A majority of Craigslist scams operate on the side of the seller. It’s simply much easier for scammers to pose as sellers, take your money or information, and then disappear without ever having made good on their side of the bargain.
Craigslist Rental Scams
One of the biggest Craigslist scams is the Craigslist rental scam.
This happens when you’re looking for a home, apartment, or room to rent and are essentially asked to pay for the security deposit—and possibly several months’ worth of rent—up-front, usually before getting a chance to check out the property.
Most of the time, these are perpetrated by “landlords” that claim to be out of town, usually because a sudden work or life-related circumstance had them leave unexpectedly for an extended period. They’ll ask you to “take good care” of their home and promise to FedEx you a key after you make your payment—and possibly also give out some personal information on a rental agreement form.
Selling Items Still Being Financed
This form of Craigslist fraud is most prevalent in cars, phones, or other expensive items that tend to make their way to the online garage sale.
It may be slightly easier to discover whether a car still has a lien (loan) taken out on it (and you should always ask for a vehicle’s vehicle identification number (VIN) to double-check this information). Still, it can be much trickier with cell phones. Typically, the phone’s original buyer will pay it off over months or years through additional payments added to their phone bill.
And if they stop making those payments, retribution can be swift—and brutal. They can switch off their cell phone service, and your number can get blacklisted just days after a missed payment. And when it comes to cars, the overdue loans are often put in the hands of debt collectors and less-than-friendly repo businesses.
Fake Escrow Accounts
It didn’t take long for scammers to realize that people were rightfully wary of sending money off to strangers from the internet. Another type of popular scam blossomed in the wake of that knowledge—utilizing the escrow, or “third party” account, for payments.

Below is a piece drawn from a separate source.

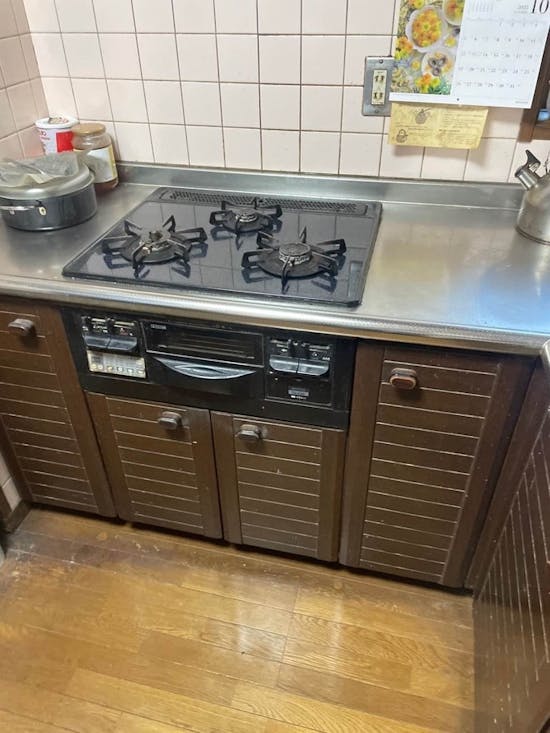 工事前　山梨県大月市のお客様のビルトインコンロ・レンジフード工事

Escrows are essentially middlemen, a neutral business handling the money on behalf of both parties, making them an attractive option for many online sales—especially those on more expensive items like cars. And there are, indeed, many legitimate online escrow businesses out there.
But in the scam version of this scenario, the escrow company recommended by the seller is a fraud. These fake escrow sites can either be used to steal money from you directly, steal your personal information, or both.